Caption-style text data:
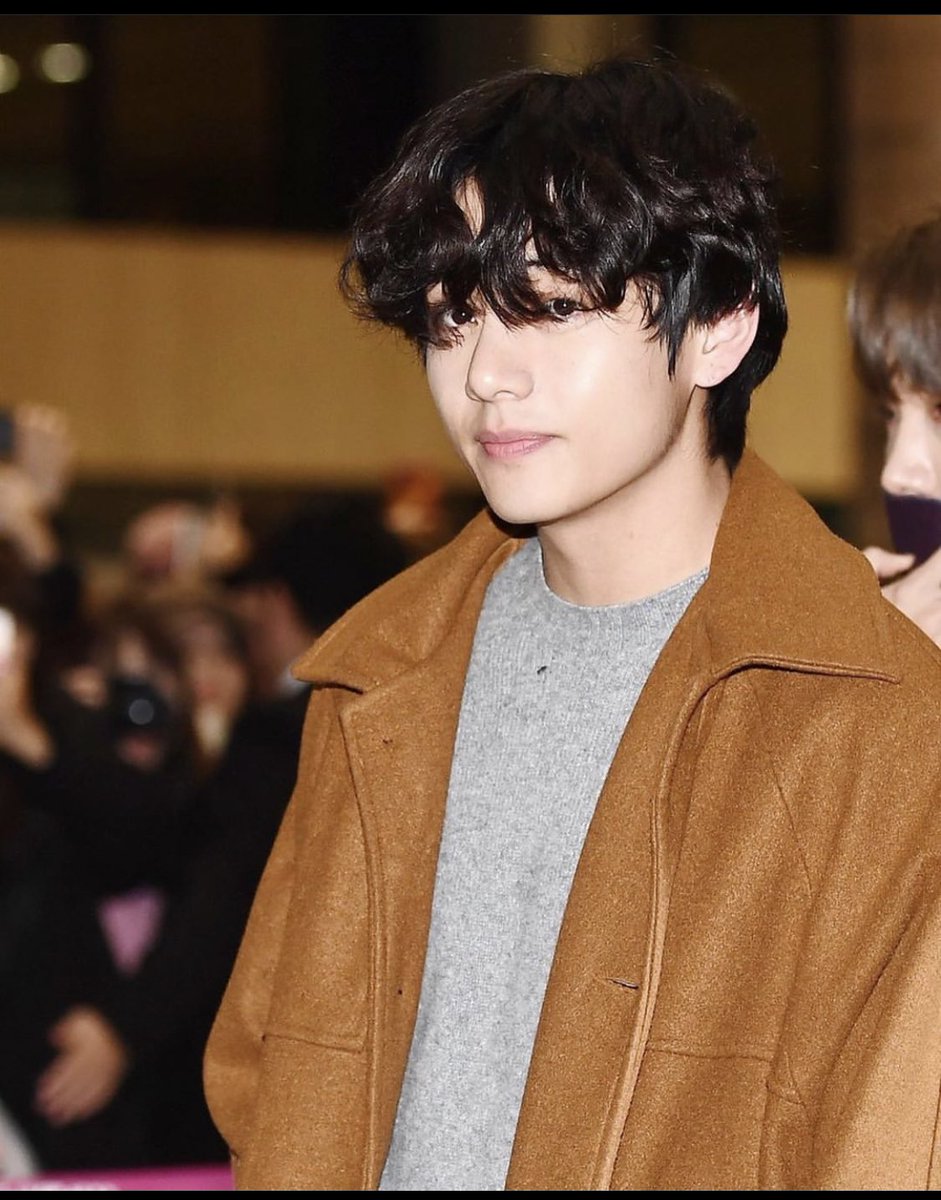 rjll_3095's tweet image. #KimTaehyung please have mercy on our souls. What is this surreal perfection 🥰Thanks for growing out your hair 💜 @BTS_twt #VisualGodStrikesAgain @BangtanINDIA #VforVisual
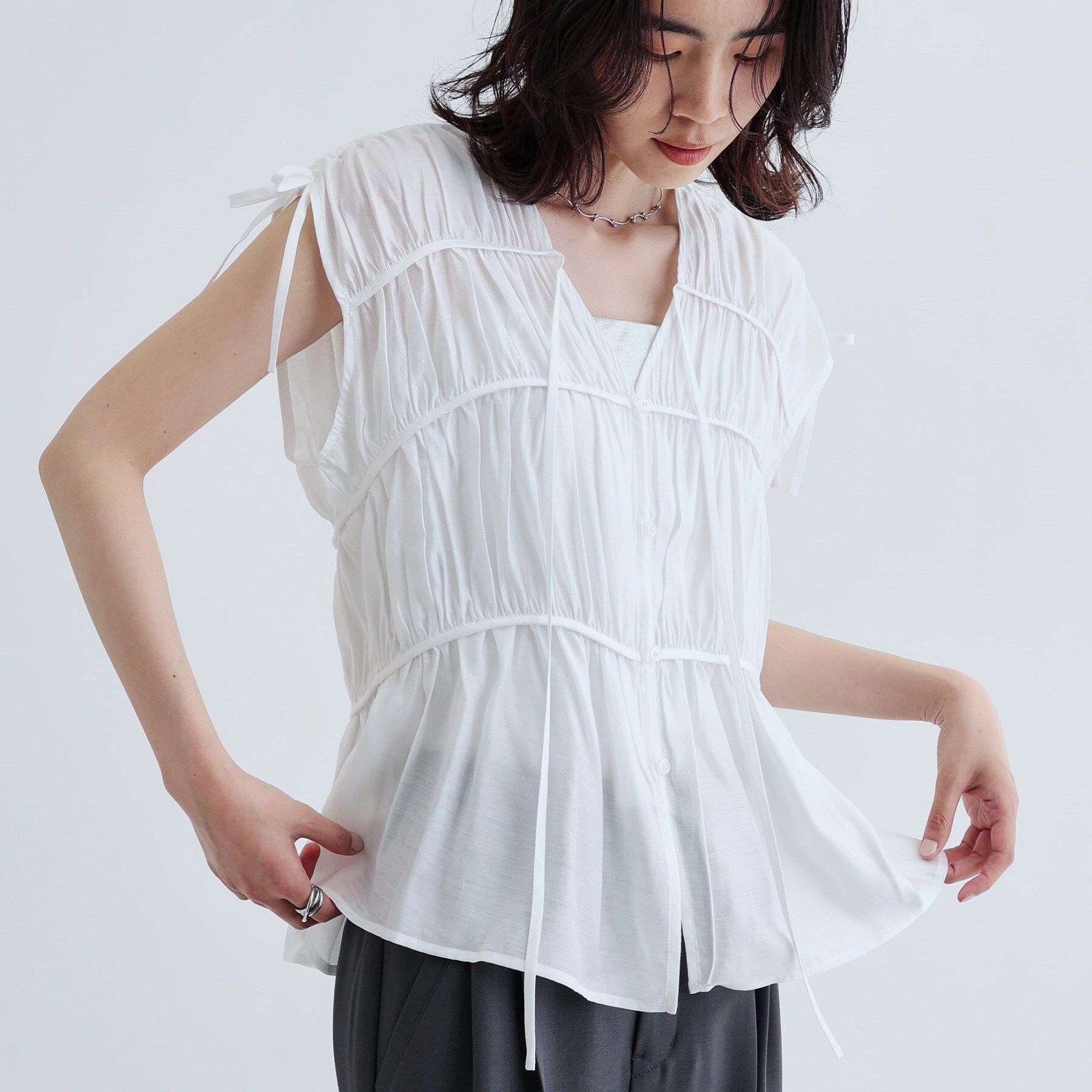 【インディヴィ/INDIVI】 ギャザースリーブレスブラウス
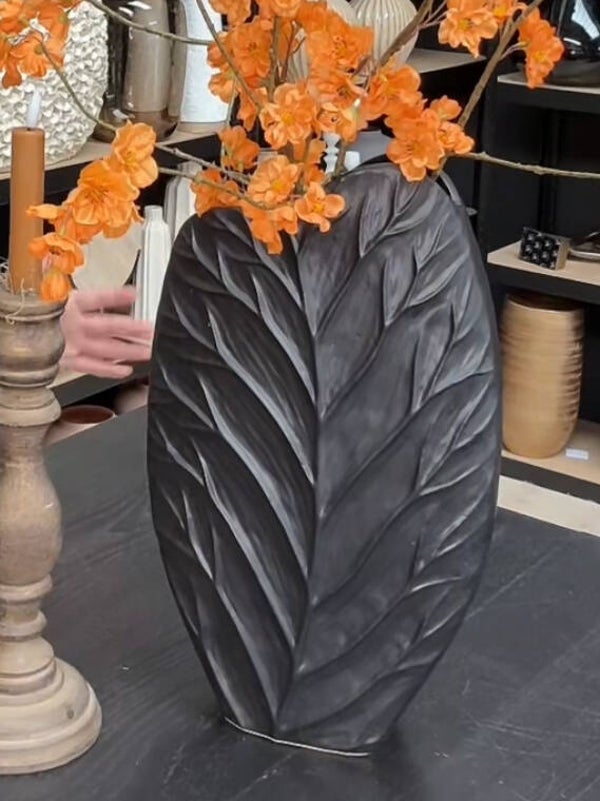 Platte Vaas ‘Leaf’ Zwart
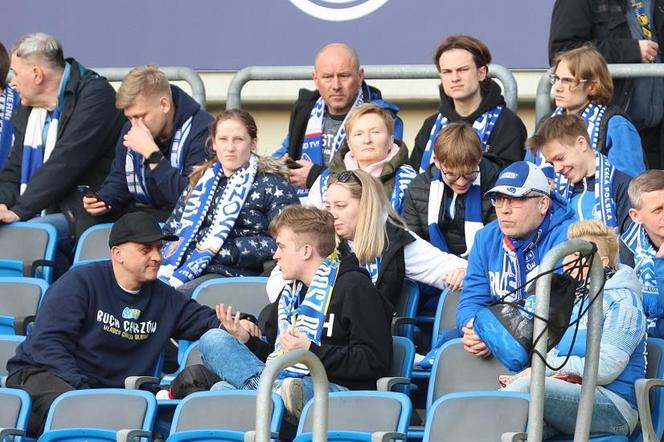 Kibice na Stadionie Śląskim podczas Wielkich Derbów Śląska (16.03.2024)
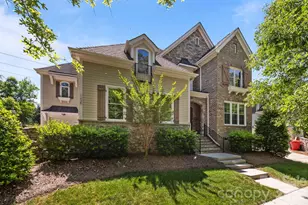 11938 Bradford Park Dr, Davidson, NC 28036 - Photo 2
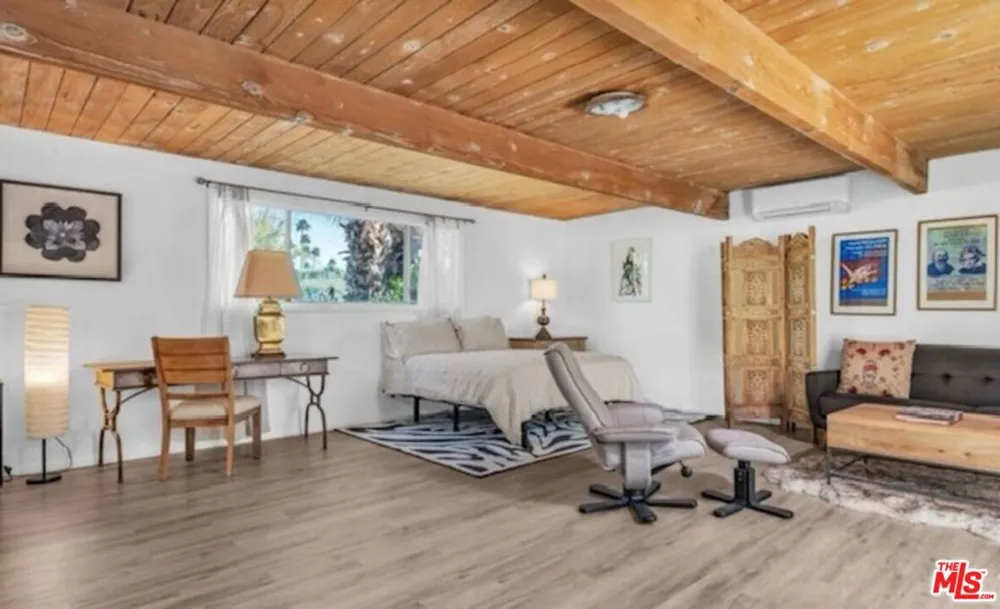 817 Via Monte Vista Palm Springs, CA 92262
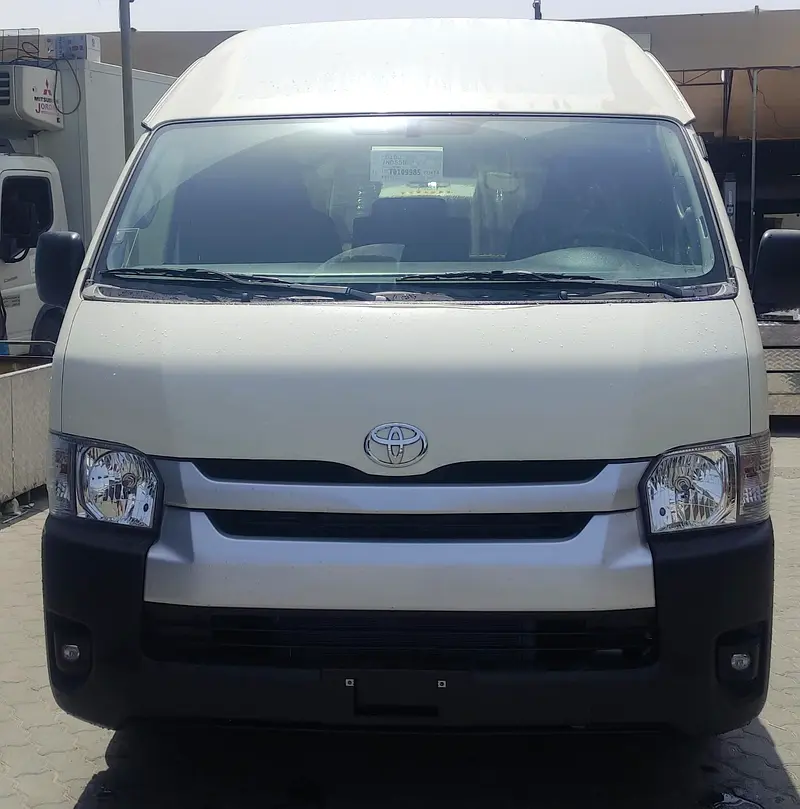 Toyota Hiace 2026 — photo 1 of 7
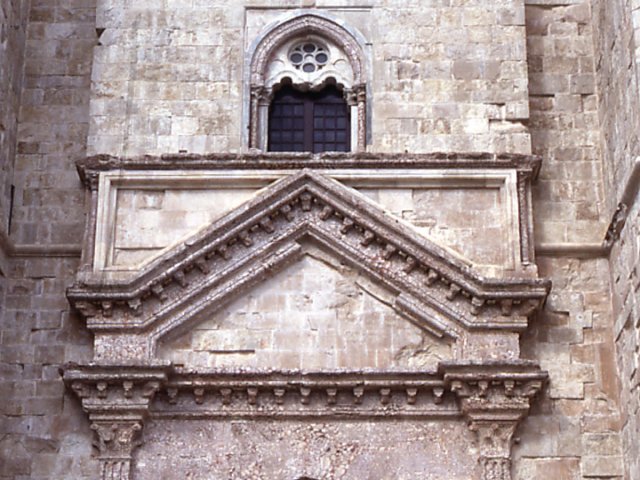 Andria. Castel del Monte, particolare del portale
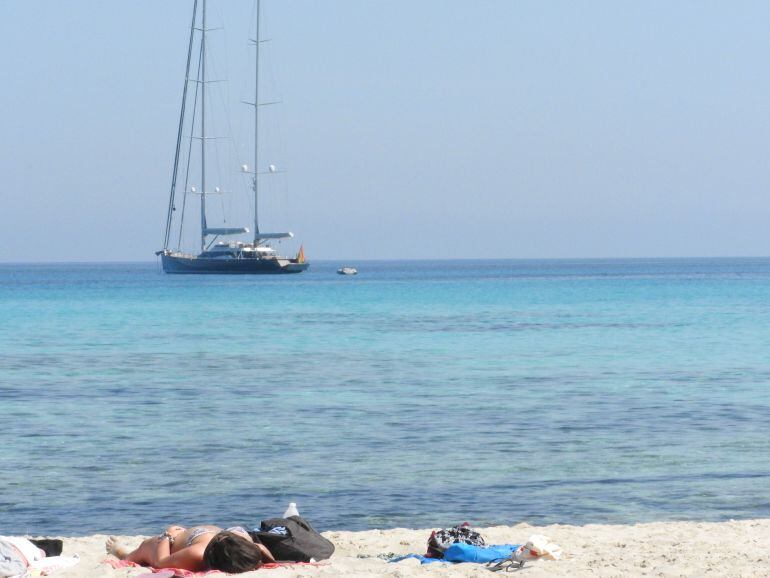 Imagen de archivo de una playa de Formentera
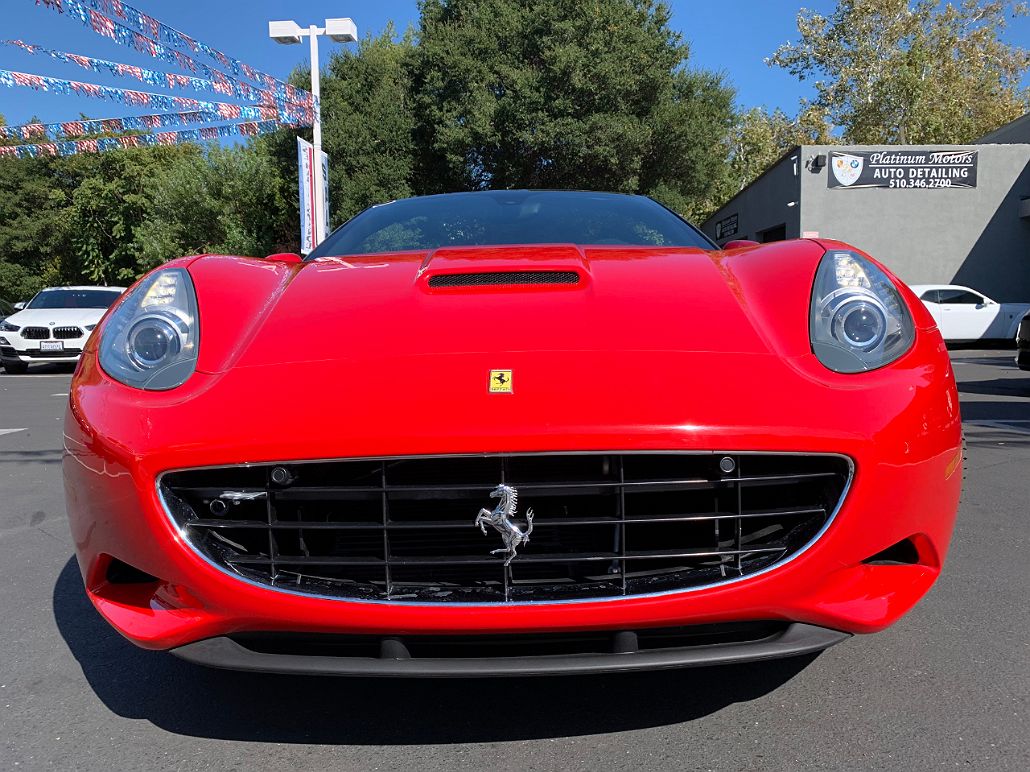2014 Ferrari California null image 1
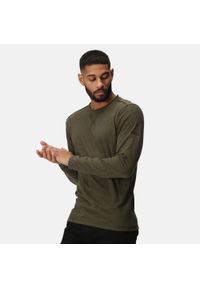 Regatta - Męska koszulka bawełniana Karter II ciemne khaki. Kolor: zielony, brązowy. Materiał: bawełna, poliester. Długość rękawa: długi rękaw. Długość: długie. Sport: turystyka piesza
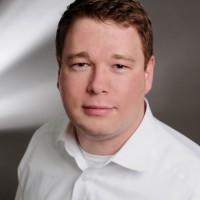 Dennis Bach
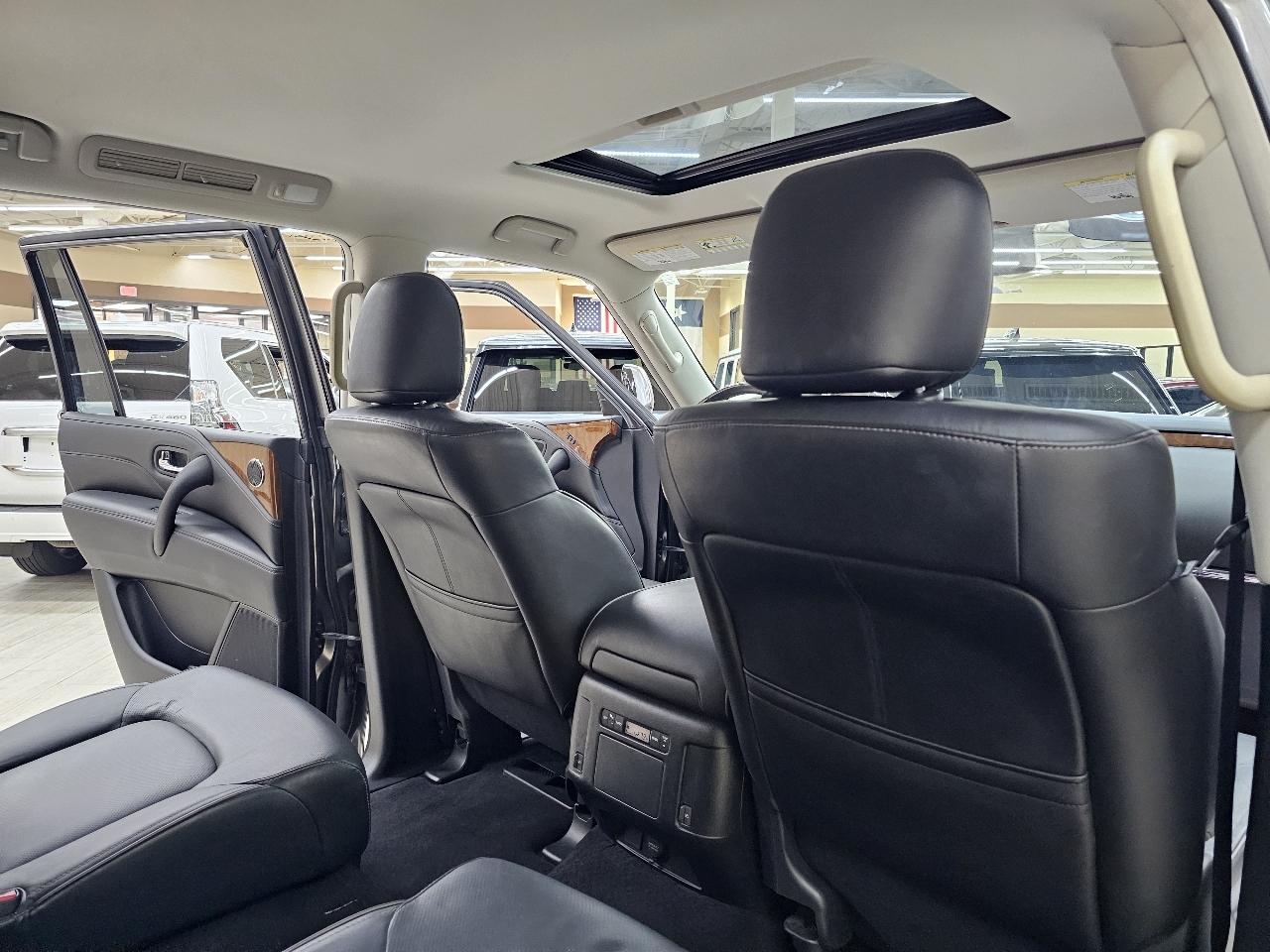 Infiniti QX80 LUXE 2019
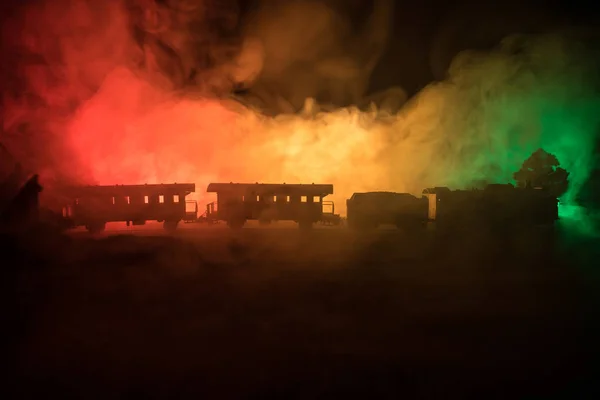 火车在雾中移动 古老的蒸汽机车在夜间 在铁路上行驶的夜间列车 色调的雾火背景 恐怖的神秘场面 选择性聚焦 — 图库照片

- **Work order**
If an entry contains an image, print the rest of that entry exactly and leave the image out.

- **Result**
 rjll_3095's tweet image. #KimTaehyung please have mercy on our souls. What is this surreal perfection 🥰Thanks for growing out your hair 💜 @BTS_twt #VisualGodStrikesAgain @BangtanINDIA #VforVisual
 【インディヴィ/INDIVI】 ギャザースリーブレスブラウス
 Platte Vaas ‘Leaf’ Zwart
 Kibice na Stadionie Śląskim podczas Wielkich Derbów Śląska (16.03.2024)
 11938 Bradford Park Dr, Davidson, NC 28036 - Photo 2
 817 Via Monte Vista Palm Springs, CA 92262
 Toyota Hiace 2026 — photo 1 of 7
 Andria. Castel del Monte, particolare del portale
 Imagen de archivo de una playa de Formentera
2014 Ferrari California null image 1
 Regatta - Męska koszulka bawełniana Karter II ciemne khaki. Kolor: zielony, brązowy. Materiał: bawełna, poliester. Długość rękawa: długi rękaw. Długość: długie. Sport: turystyka piesza
 Dennis Bach
 Infiniti QX80 LUXE 2019
 火车在雾中移动 古老的蒸汽机车在夜间 在铁路上行驶的夜间列车 色调的雾火背景 恐怖的神秘场面 选择性聚焦 — 图库照片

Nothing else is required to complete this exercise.